Required action:
Leave out any picture and return the remaining listing below exactly as given.

Source data:
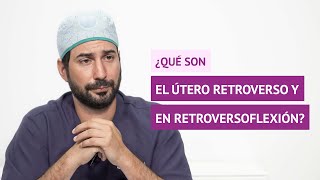 ¿Qué es el útero retroverso ¿Y en retroversoflexión [upl. by Onirefes902]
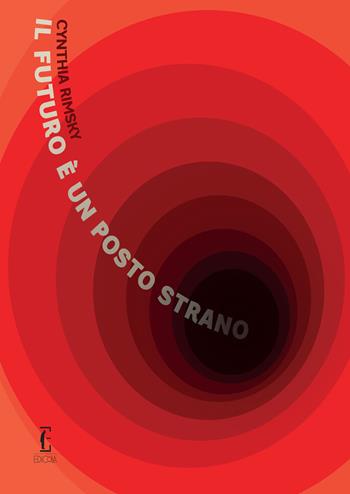 Il futuro è un posto strano - Cynthia Rimsky - Libro Edicola Ediciones 2021, ñ | Libraccio.it
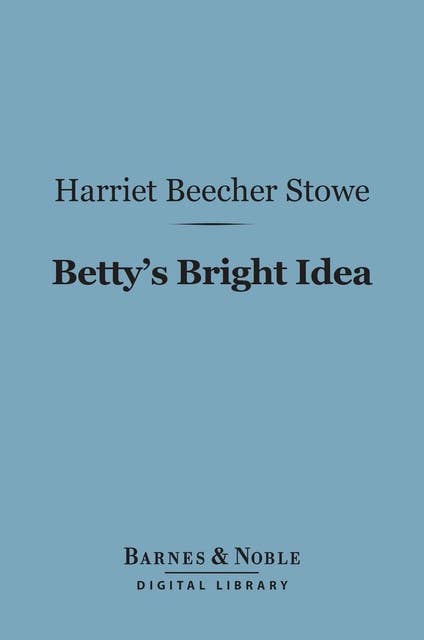 Betty's Bright Idea (Barnes & Noble Digital Library): With Deacon Pitkin’s Farm, and The First Christmas of New England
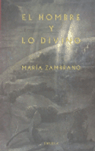 HOMBRE Y LO DIVINO, de ZAMBRANO | portada del libro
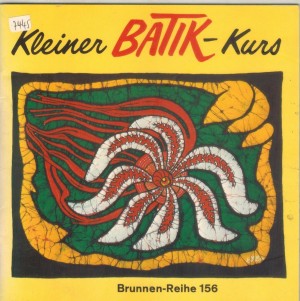 Brunnen Reihe Nr. 156 Kleiner Batik Kurs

Task output:
 ¿Qué es el útero retroverso ¿Y en retroversoflexión [upl. by Onirefes902]
 Il futuro è un posto strano - Cynthia Rimsky - Libro Edicola Ediciones 2021, ñ | Libraccio.it
 Betty's Bright Idea (Barnes & Noble Digital Library): With Deacon Pitkin’s Farm, and The First Christmas of New England
 HOMBRE Y LO DIVINO, de ZAMBRANO | portada del libro
 Brunnen Reihe Nr. 156 Kleiner Batik Kurs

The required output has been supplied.